PDO a ochrona przed mysql injection

pytanie zadane 9 października 2019 w PHP przez Paproch Użytkownik (700 p.)

Witam

Zastanawiam się nad zabezpieczeniami skryptu. Wszystkie zapytania do bazy ma zrobione na PDO. Przy rejestrowaniu użytkownika i logowaniu użyłem wyrażeń regularnych w celu wycięcia ewentualnych niebezpiecznych znaków. Dozwolone są tko [a-z] [0-9]

Dodatkowo mam formularz kontaktowy, gdzie można wpisać dowolny tekst bez żadnych ograniczeń. Dane są zapisywane w bazie. Tutaj również użyłem PDO i zrobiłem to schematem prepare, bindvalue, execute.

Pytanie brzmi, czy same PDO zabezpieczy mnie w pełni przed mysql injection? Bo niby teoretycznie zabezpiecza, a jak jest w praktyce? Lub w jaki sposób mógłbym jeszcze zabezpieczyć sie przed ewentualnymi atakami?

Czy użycie wyrażenia regularnego które wycinalo by znaki tj. = - ' " *% jest dobrym pomysłem?

Pozdrawiam

1	komentarz 9 października 2019 przez Patrycjerz Mędrzec (192,320 p.) Pytam z ciekawości… Jeśli samo PDO chroni przed SQL injection, to po co jeszcze ograniczony zakres znaków (nie spowodowany logiką biznesową)?

komentarz 9 października 2019 przez Paproch Użytkownik (700 p.)

komentarz 9 października 2019 przez adrian17 Ekspert (344,860 p.)

To... brzmi jak celowe zmniejszenie bezpieczeństwa.

komentarz 9 października 2019 przez Paproch Użytkownik (700 p.)

A coś więcej? Dlaczego tak sądzisz?
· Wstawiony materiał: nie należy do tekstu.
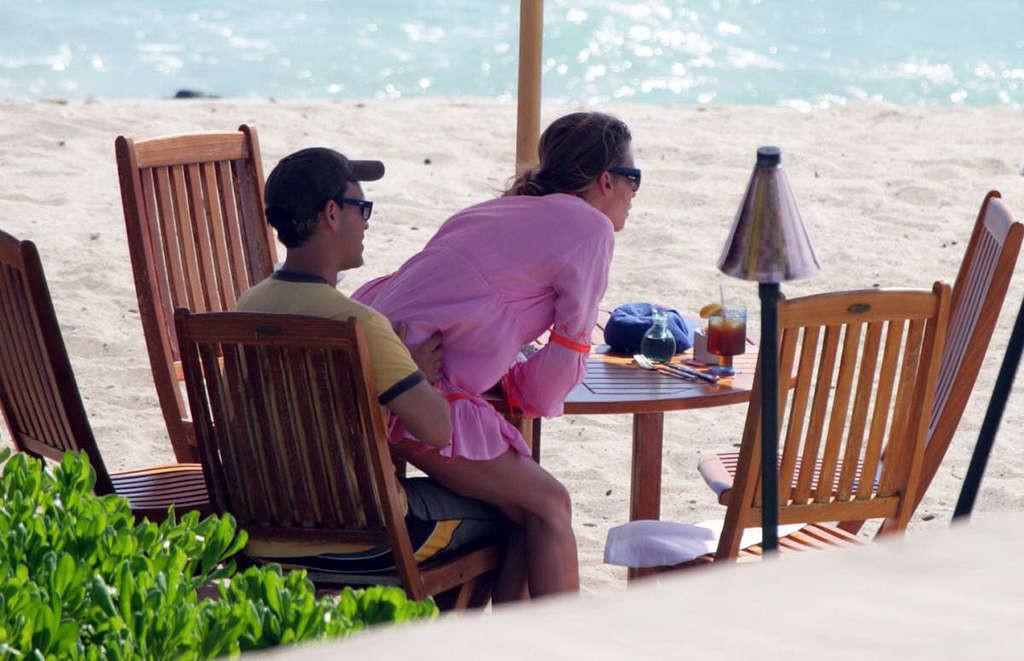 16P Hilary Swank very sexy and hot paparazzo see thru photos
Cały czas się uczę, więc uzasadnij proszę.

1	komentarz 9 października 2019 przez Comandeer Guru (600,810 p.) @adrian17, restrykcja dotyczy loginu. Ufam, że hasła nie mają takich obostrzeń.

komentarz 9 października 2019 przez Aisekai Nałogowiec (42,190 p.)

A nie możesz użyć jakiegoś ORMa który by nie sklejał dynamicznie zapytania, tylko używał jakiś named parameters lub coś w ten deseń?

komentarz 9 października 2019 przez adrian17 Ekspert (344,860 p.)

To... jest właśnie PDO. To już jest zabezpieczone.

komentarz 9 października 2019 przez Paproch Użytkownik (700 p.)

@adrian17 o to mi chodziło. Wiem że PDO jest bezpieczne, ale się zastanawiałem jakie są powszechnie stosowane praktyki wśród programistów. Czy stosuje się coś jeszcze, jak tak to co.

Dzięki tak czy inaczej za odpowiedź

1 odpowiedź

odpowiedź 9 października 2019 przez Comandeer Guru (600,810 p.)
wybrane 9 października 2019 przez Paproch

Najlepsza

Warto dorzucić: https://stackoverflow.com/questions/60174/how-can-i-prevent-sql-injection-in-php/60496#60496

No i warto też przypomnieć, że prepared statements wypada używać zawsze, gdy w zapytaniu są jakiekolwiek dane z zewnątrz, nawet te, które wyciągnęliśmy właśnie z bazy. Inaczej narażamy się na 2nd order SQLi.